From the Impatient Heart of Europe, a Call to Squash Europe’s Parliament
Hungary’s Orban says the corruption scandal involving several members of the European legislature draws into question the credibility of the institution.
![AP/Franc Zhurda, file](/_next/image?url=https%3A%2F%2Fwp.nysun.com%2Fwp-content%2Fuploads%2F2022%2F12%2FHungary-Orban.jpg&w=1200&q=75)
Hungary’s prime minister, Viktor Orban, wants to “drain the swamp” in the European Union, something he envisages could lead all the way to dissolving the bloc’s legislature.
In an annual international news conference at Budapest, Viktor Orban this week said that an ongoing corruption scandal involving several members of the European parliament had drawn into question the credibility of the institution, and that he supports abolishing the body as it currently exists.
“The Hungarians would like for the European parliament to be dissolved in its current form,” Mr. Orban said. “The degree to which the reputation of the European parliament in Hungary has been damaged [by the scandal] is easy to answer: not at all, because it couldn’t have been any lower.”
The yearly conference is nearly the only occasion when Mr. Orban fields questions from the international media or critical Hungarian outlets. The populist leader, who won a fourth straight term in office in April, has engaged in frequent battles with the EU, which accuses him of violating democratic norms and overseeing large-scale official corruption.
On Wednesday, Mr. Orban criticized the European parliament for recent disclosures of a cash-for-favors corruption scandal implicating Qatar and Morocco, and borrowed a phrase from President Trump, saying it was time to “drain the swamp” in Brussels.
The Hungarian leader is not alone in that sentiment. The Polish premier, Mateusz Morawiecki, told the Italian newspaper La Stampa that “Poles and Italians are fed up with the diktats of the European bureaucracy and want real democracy. We want to renew the EU by returning to its founding principles.”
Europeans are increasingly questioning what some of those founding principles are. A former editor-in-chief of the German newspaper Handelsblatt, Andreas Kluth, told Deutsche Welle news that there is a “central ambiguity, or design flaw,” that “plagues the European project.” It is, he said, that “the European Union is trapped between being a federal state like Germany … or a loose club of nations like the United Nations.” Mr. Kluth added, “It’s not clear which.”

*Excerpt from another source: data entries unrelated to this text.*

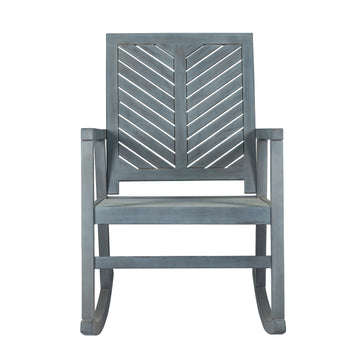 Ned Modern Chevron-Back 300-Lbs Support Acacia Wood Patio Outdoor Rocking Chair - JONATHAN Y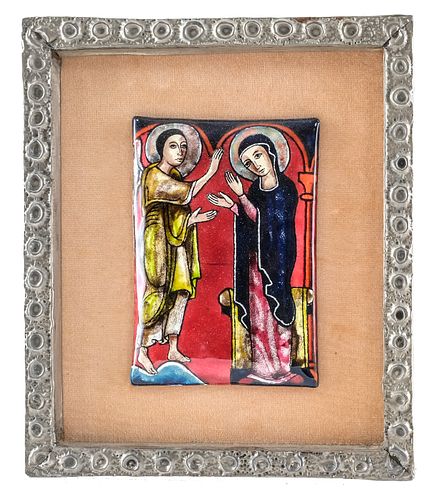 French Enamel Annunciation Plaque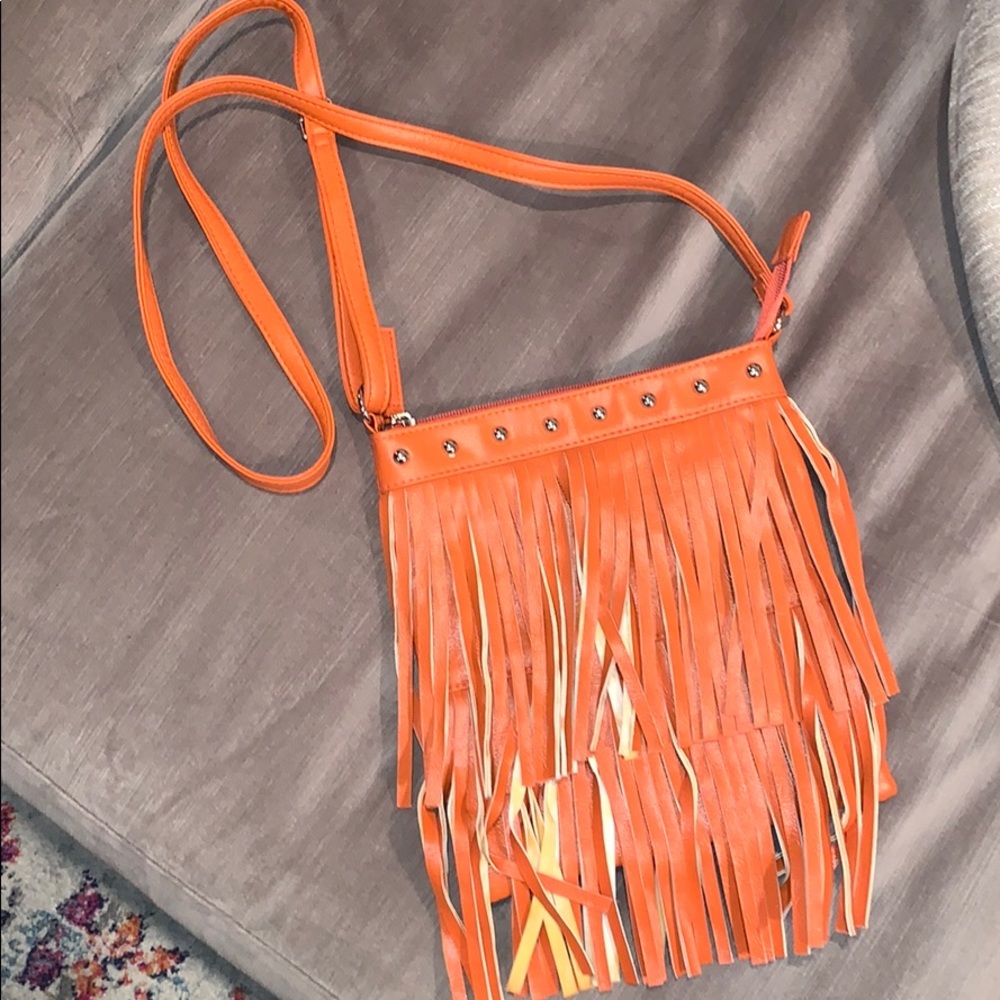 Boho Orange Fringe Crossbody Handbag NWOT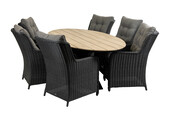 7-delige tuinset | 6 Dublin tuinstoelen | 220cm ovale Cyprus tuintafel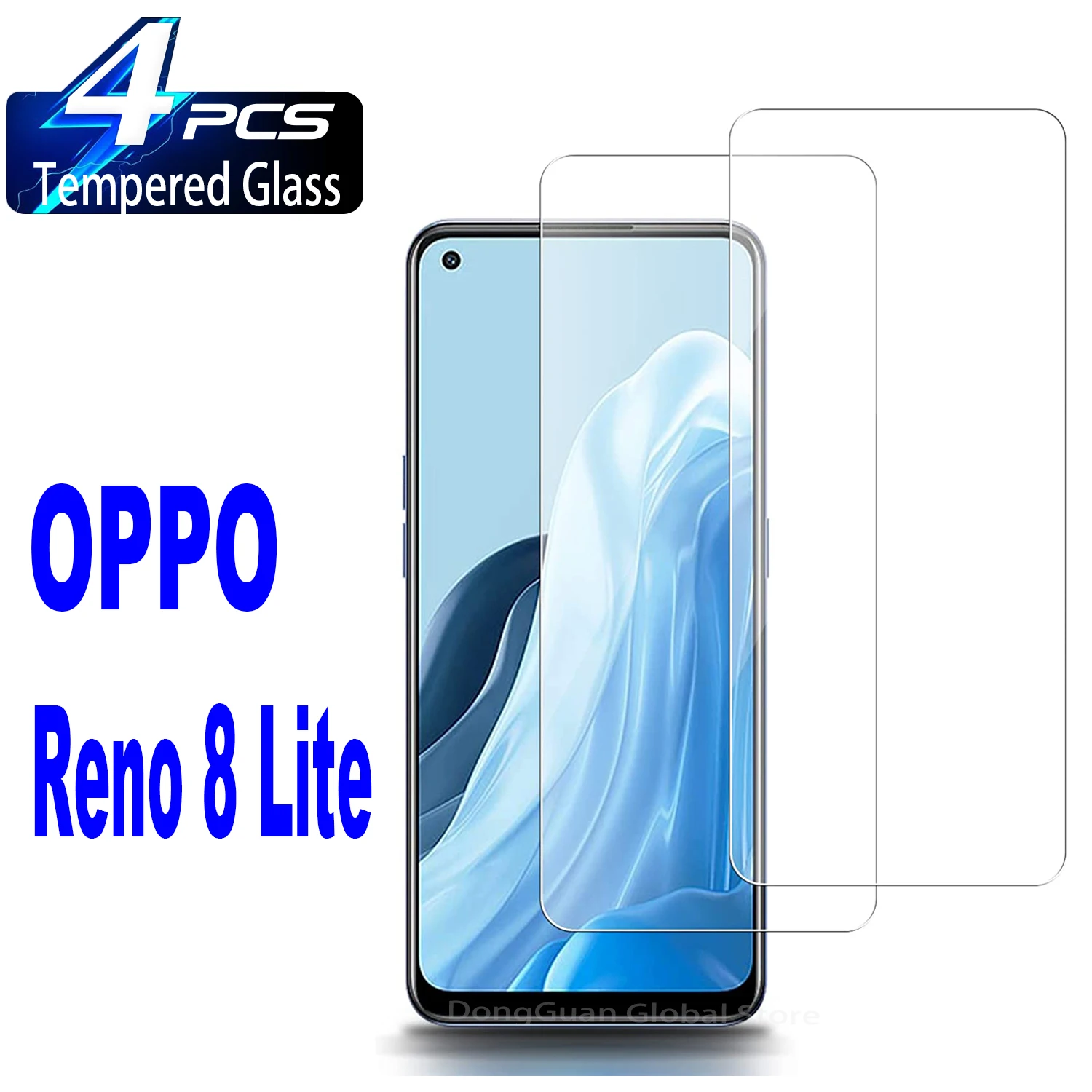 

2/4Pcs Tempered Glass For OPPO Reno 8 Lite Screen Protector Glass Film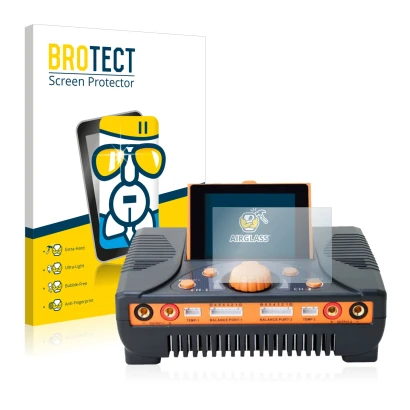 Vorderseite einer Produktverpackung mit dem Markenlogo BROTECT. Daneben ist das Gerät Junsi iCharger 406 Duo mit dem zugehörig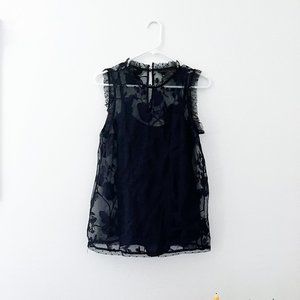Who What Wear Lace Mock Neck Top with Tank Size Small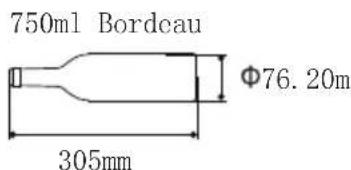 750ml Bordeaux Φ76.20m 305mm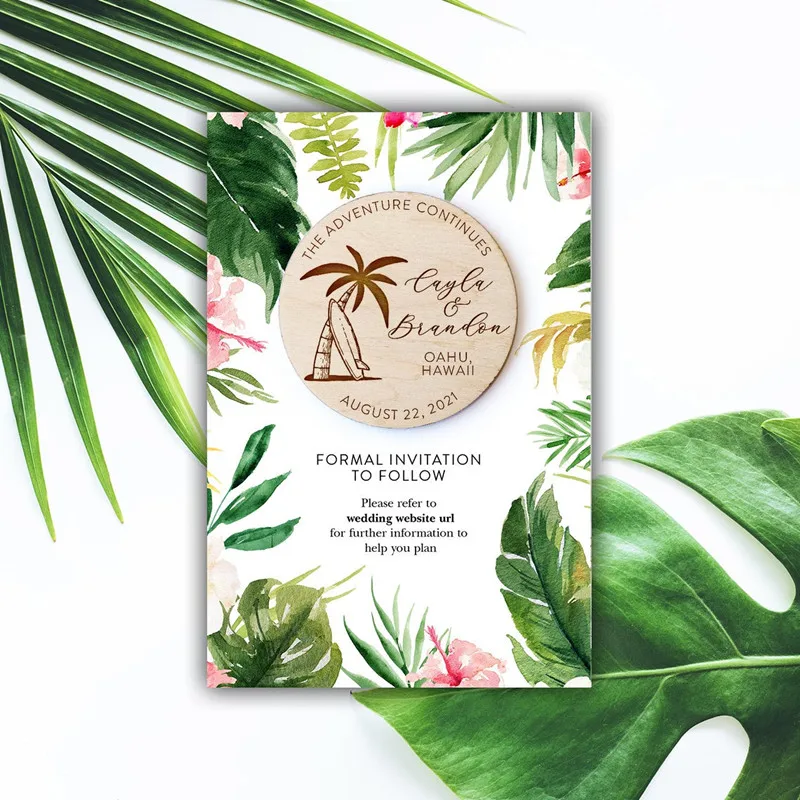 Деревянный магнит с тропическим деревом пляжные магниты персонализированной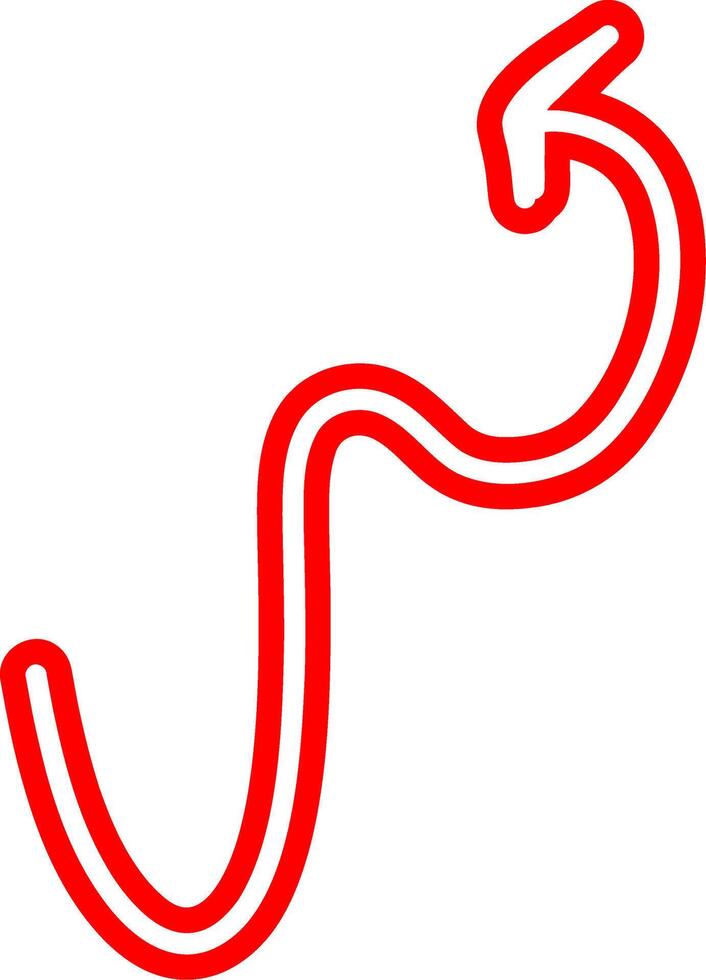 Doodle Red Arrow In Outline vector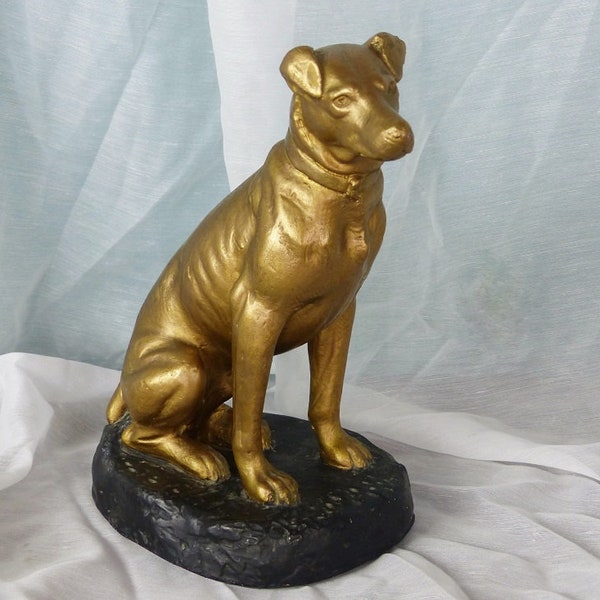 French Plaster Statuette of a Dog - French Dog Statue - Bronzed Figure of Dog - French Dog Sculpture - Terrier Figure - Manchester Terrier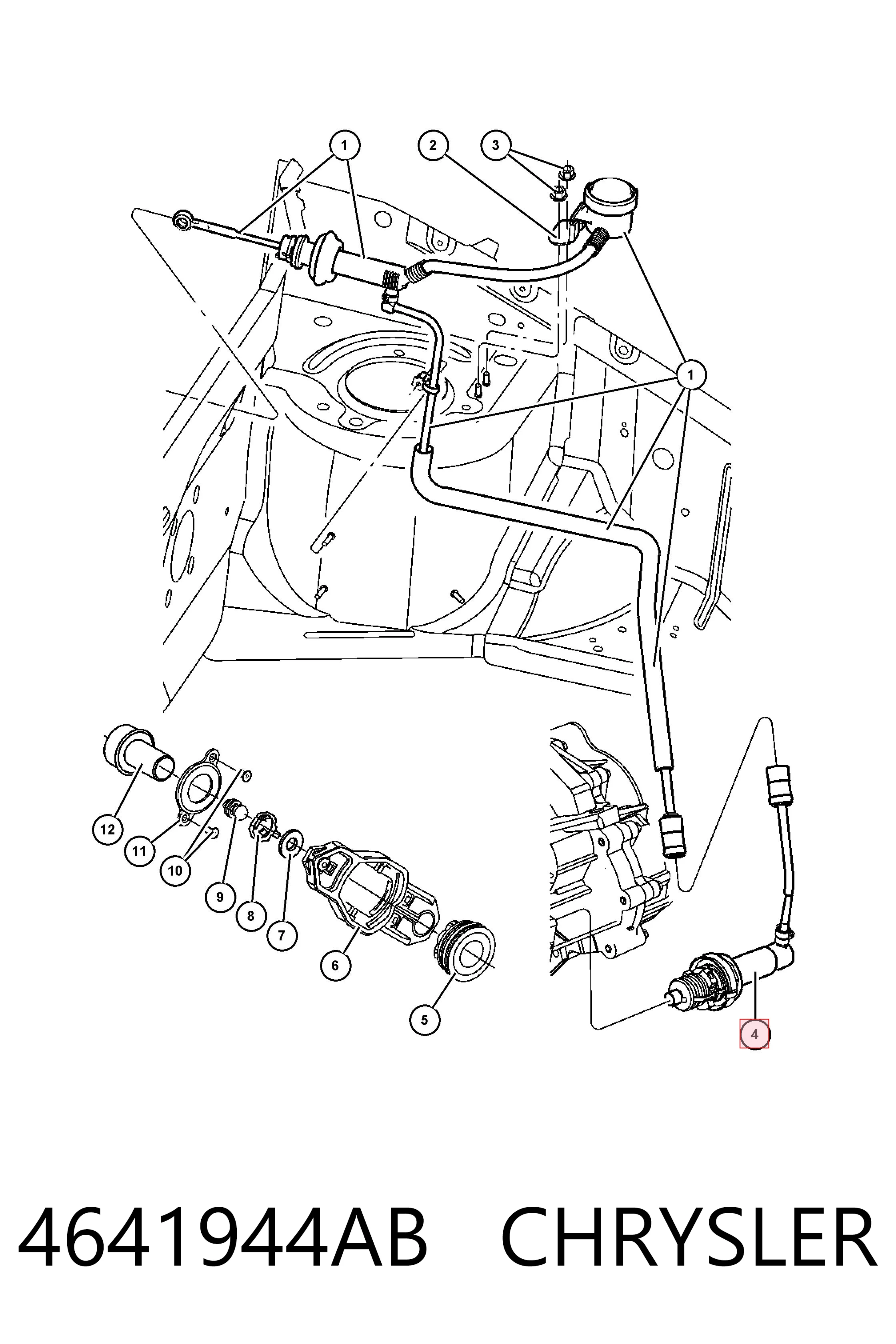 K04641944AB Fiat/Alfa/Lancia Cilindro receptor de embrague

Mr. Morawiecki also called for “a Europe of homelands rather than a European superstate: We could both subscribe to this.”
Wednesday’s news conference came as the EU has frozen more than 12 billion euros in funding to Hungary over concerns that Mr. Orban’s government has cracked down on judicial independence, overseen official corruption, and abridged minority rights.
In September the European parliament declared that Hungary could no longer be considered a democracy, and would become “a hybrid regime of electoral autocracy” under Mr. Orban’s leadership — a charge his government has rejected.
Adding to the tensions between Budapest and Brussels is the Hungarian government’s lobbying against sanctions on Moscow for its war in Ukraine. Mr. Orban — who is considered one of the Russian president’s closest EU allies — claims sanctions have been ineffective in pressuring Russia to end the war, and that they have inflicted more damage on European economies than on Russia.
“If it were up to us, there would not be a sanctions policy,” Mr. Orban said Wednesday, adding that he would not support any additional sanctions packages against Russia in the future, but would not stand in the way of the EU passing them.
“It is not in our interest to permanently divide the European and Russian economies into two, so we are trying to save what can be saved from our economic cooperation with the Russians,” he said.
Mr. Orban has made a number of concessions in order to secure delivery of badly needed EU funds, but the European Commission — the bloc’s executive arm — has insisted on further reforms if Budapest is to gain access to the money.
Yet the Qatargate controversy, as the corruption scandal has been dubbed by European media, has shown that if any city on the Continent is overdue for reform, it is Brussels itself. As one of the legislative departments of the EU, it may not wield as much power as the European Commission, but it is emblematic of some of Europe’s aspirations for greater integration nonetheless.
The European parliament’s president, Roberta Metsola, has evoked a “wide-ranging reform package” for the failing institution in January. Yet Ms. Metsola has been thin on the details of such reforms, and it remains to be seen whether they will mitigate or exacerbate mounting impatience with Brussels at Budapest, Warsaw, and other European capitals.